**Given entries**
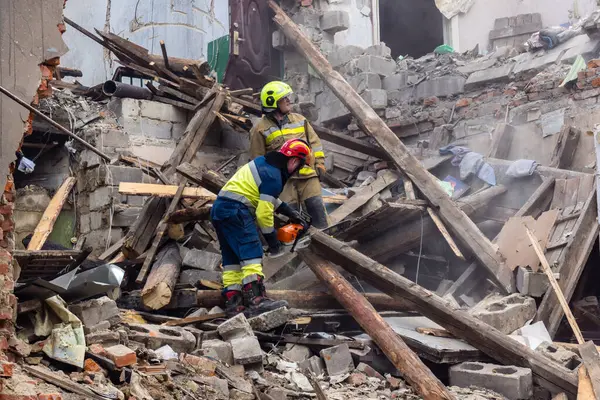 Kharkiv, Ukrayna, 11 Haziran 2025. İtfaiyeciler, Rus Şaban uçakları tarafından vurulan Harkiv 'deki bir yerleşim yerine gidiyorlar. Hasar çok fazlaydı ve birkaç apartman yanmaya başladı..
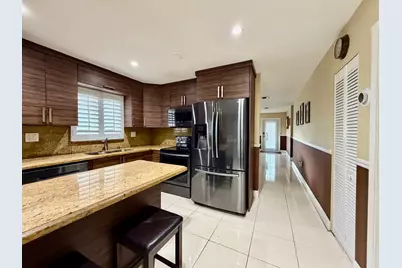 1092 W 32nd Street, Hialeah, FL 33012 - Photo 12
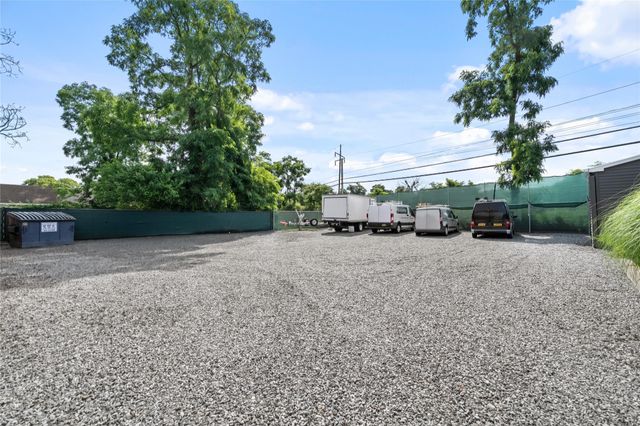 296 N Main Street, Sayville, NY 11782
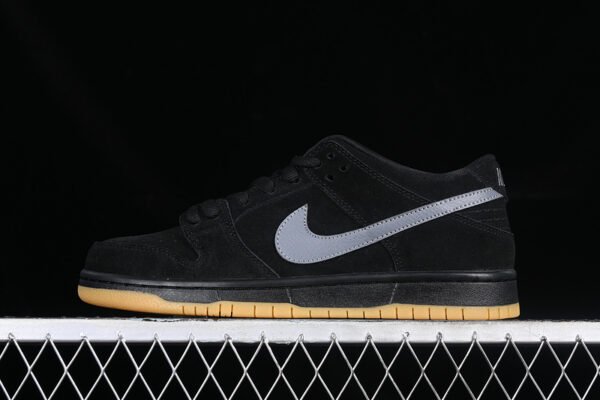 DUNK LOW PRO SB FOG BLACK_BLACK_BLACK_COOL GREY_GUM
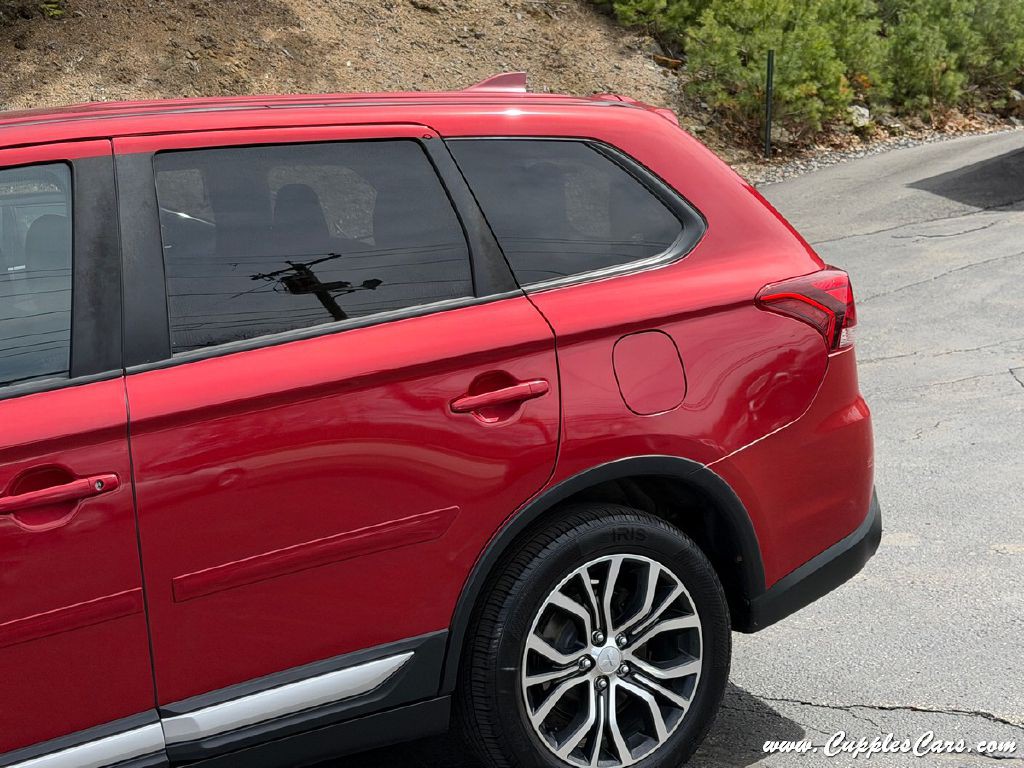 2017 Mitsubishi Outlander Image 45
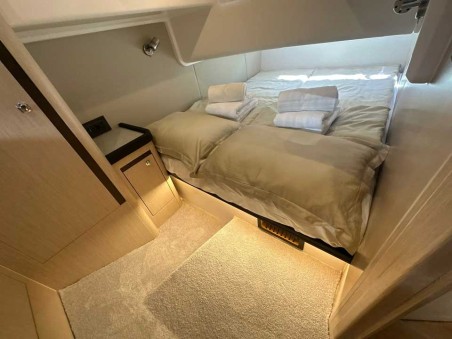 Focus Motor Yachts Focus Power 36 Hard Top Focus 36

**Problem to solve**
Your answer must be only the lines from the one that holds "DUNK LOW PRO" to the end of the listing, each restated word for word, with both ends kept and pictures left out.

**Response to this exercise**
 DUNK LOW PRO SB FOG BLACK_BLACK_BLACK_COOL GREY_GUM
 2017 Mitsubishi Outlander Image 45
 Focus Motor Yachts Focus Power 36 Hard Top Focus 36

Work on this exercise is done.